Use the microscopy methods discussed above during Establish Synchrony to monitor percentages of budded cells at the next entry of S phase after release.  Note that this method requires you to monitor cells every 30 minutes.

Though you will be visualizing only 15 µl it is recommended that you take 500 µl from the cell culture at each time point.

Important Note: You *must* sonicate the 500 µl before visualization in order to ensure separation of cells.  Use 50% power, 15 seconds.  The tip of the sonicator should be fairly deep in the microcentrifuge tube so as to prevent spilling or spraying of the culture.

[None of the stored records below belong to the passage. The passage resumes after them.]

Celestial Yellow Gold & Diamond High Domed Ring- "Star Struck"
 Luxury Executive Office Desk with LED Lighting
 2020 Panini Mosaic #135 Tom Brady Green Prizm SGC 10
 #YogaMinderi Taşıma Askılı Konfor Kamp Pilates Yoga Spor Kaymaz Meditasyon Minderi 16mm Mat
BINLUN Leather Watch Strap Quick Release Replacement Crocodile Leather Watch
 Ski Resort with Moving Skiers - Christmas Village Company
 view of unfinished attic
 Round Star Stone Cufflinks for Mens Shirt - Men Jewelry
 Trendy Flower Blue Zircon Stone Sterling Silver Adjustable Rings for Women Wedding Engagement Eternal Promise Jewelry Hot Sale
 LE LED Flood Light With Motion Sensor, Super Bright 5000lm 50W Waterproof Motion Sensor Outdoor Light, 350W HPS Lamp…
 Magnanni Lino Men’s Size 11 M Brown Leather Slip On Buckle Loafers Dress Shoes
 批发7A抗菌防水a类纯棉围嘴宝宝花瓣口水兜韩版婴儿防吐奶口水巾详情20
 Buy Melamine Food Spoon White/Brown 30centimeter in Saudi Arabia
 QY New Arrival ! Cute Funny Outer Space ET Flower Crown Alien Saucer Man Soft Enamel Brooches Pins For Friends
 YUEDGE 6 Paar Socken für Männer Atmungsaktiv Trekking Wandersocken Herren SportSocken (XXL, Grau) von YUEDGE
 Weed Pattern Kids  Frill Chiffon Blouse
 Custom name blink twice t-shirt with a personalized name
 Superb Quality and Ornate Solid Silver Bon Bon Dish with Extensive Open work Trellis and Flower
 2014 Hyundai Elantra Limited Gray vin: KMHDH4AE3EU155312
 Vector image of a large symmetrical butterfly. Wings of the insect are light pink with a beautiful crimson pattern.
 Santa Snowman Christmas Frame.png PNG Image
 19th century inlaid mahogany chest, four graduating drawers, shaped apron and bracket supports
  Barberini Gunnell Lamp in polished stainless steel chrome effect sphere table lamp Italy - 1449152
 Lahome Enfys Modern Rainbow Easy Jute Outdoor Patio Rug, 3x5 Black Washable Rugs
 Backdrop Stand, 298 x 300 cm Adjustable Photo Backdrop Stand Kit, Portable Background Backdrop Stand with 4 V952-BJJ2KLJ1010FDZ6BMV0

This sonication must be done in order to completely separate the cells for analysis.  You will want to count total cells per a 4x4 matrix and schmoo cells.  Use these numbers to establish a percent schmoo.

Image from University of Sheffield

Gene Expression

We can use gene expression to monitor and track cell cycle progression.  Additionally, gene expression can be used to establish time-points post-drug-release for the individual stages of the cell cycle.

The following genes will be used as markers for specific stages of the cell cycle:

  1. 1.CLN2 - G1/S Boundary

  2. 2.H2A - S Phase

  3. 3.CLB4 - G2

  4. 4.CLB2 - M Phase

  5. 5.EGT2 - M/G1 Boundary

We will be doing RTPCR (reverse transcription PCR) to quantitatively compare the transcriptional abundance of these marker genes across a time-course of a synchronized culture.